• TASK INSTRUCTIONS
From the data that follows, set down exactly the lines from the one with "Tree Of Life" through the one with "YWFT Unisect Extra Bold Font Poster #4", counting both. Pictures stay out.

• DATA FOR REVIEW
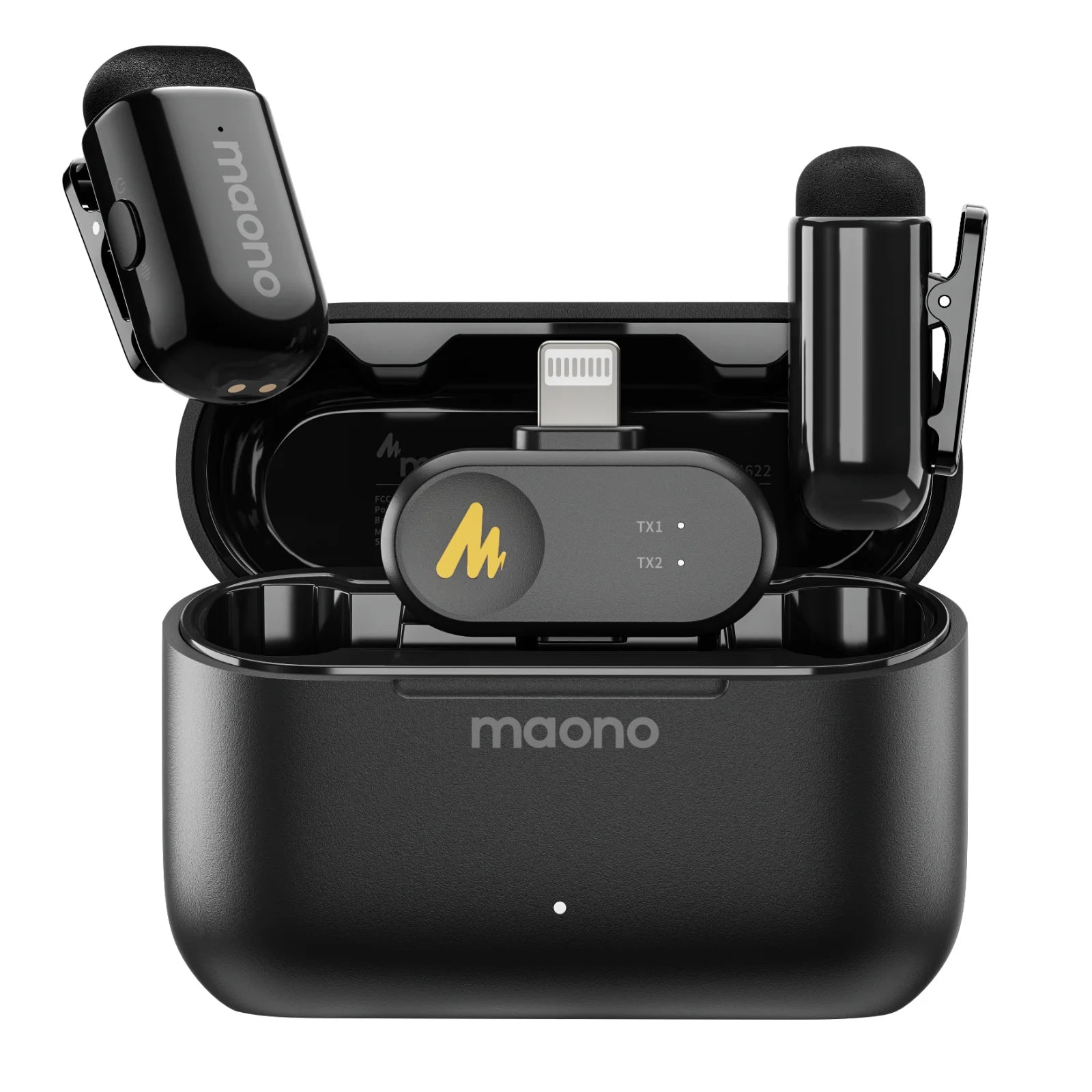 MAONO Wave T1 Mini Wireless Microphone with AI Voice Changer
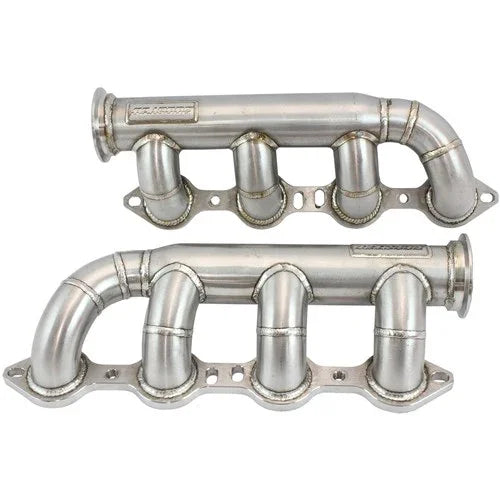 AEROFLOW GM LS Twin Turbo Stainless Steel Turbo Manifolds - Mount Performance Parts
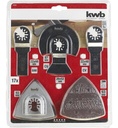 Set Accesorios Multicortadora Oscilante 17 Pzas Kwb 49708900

==

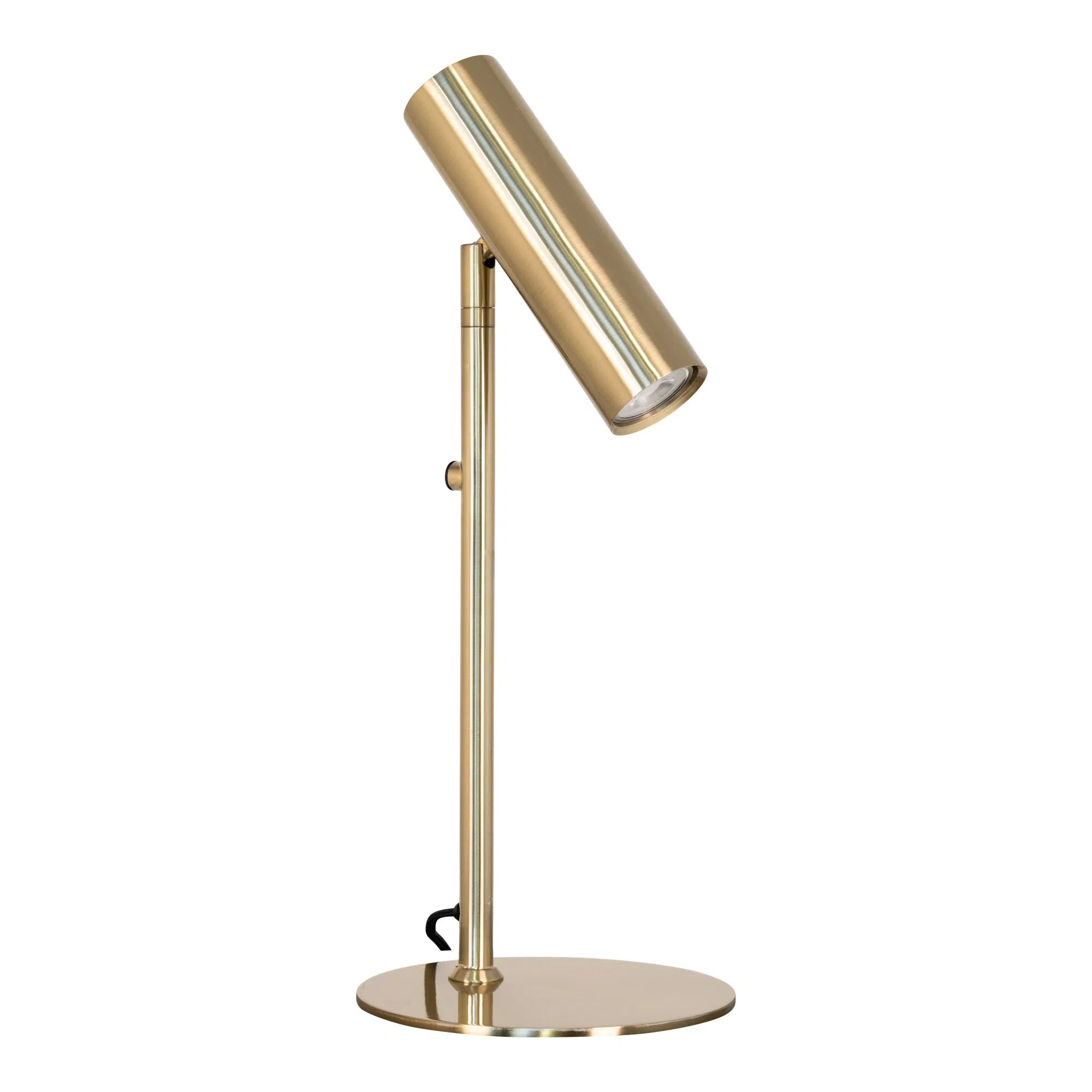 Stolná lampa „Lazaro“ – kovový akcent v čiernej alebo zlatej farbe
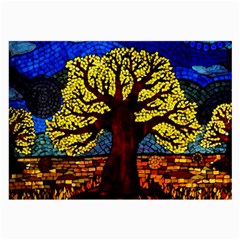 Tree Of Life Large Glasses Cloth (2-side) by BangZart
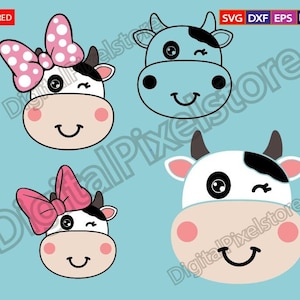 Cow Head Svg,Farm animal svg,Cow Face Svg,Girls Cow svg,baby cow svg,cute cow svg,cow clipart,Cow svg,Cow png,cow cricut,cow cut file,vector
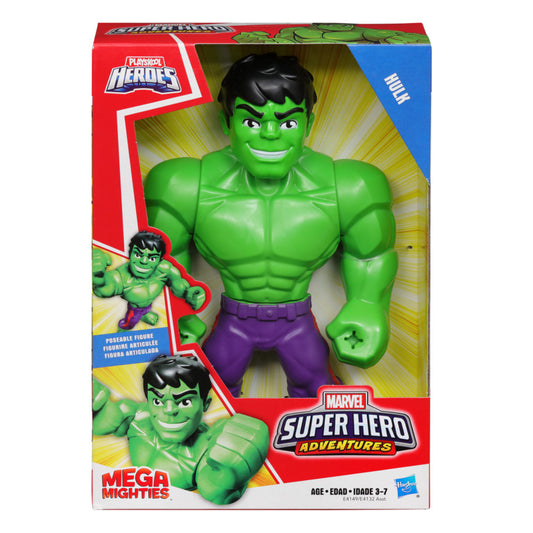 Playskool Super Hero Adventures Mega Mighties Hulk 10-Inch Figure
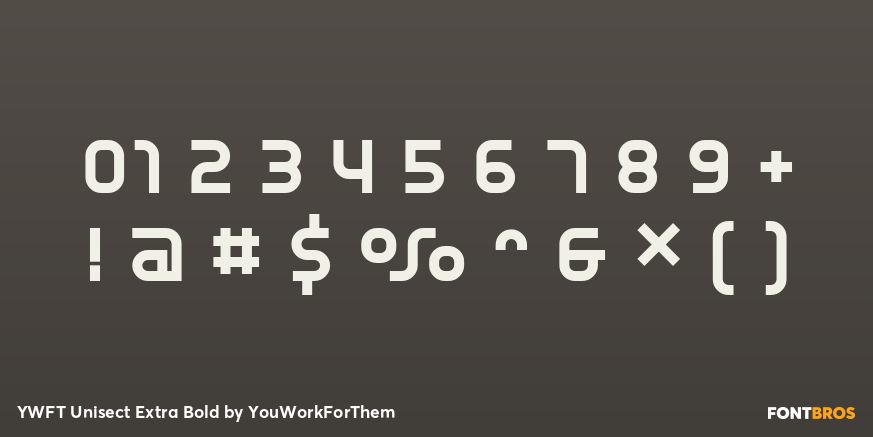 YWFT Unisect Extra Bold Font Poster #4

• RESULT OF THE EXERCISE
 Tree Of Life Large Glasses Cloth (2-side) by BangZart
 Cow Head Svg,Farm animal svg,Cow Face Svg,Girls Cow svg,baby cow svg,cute cow svg,cow clipart,Cow svg,Cow png,cow cricut,cow cut file,vector
 Playskool Super Hero Adventures Mega Mighties Hulk 10-Inch Figure
 YWFT Unisect Extra Bold Font Poster #4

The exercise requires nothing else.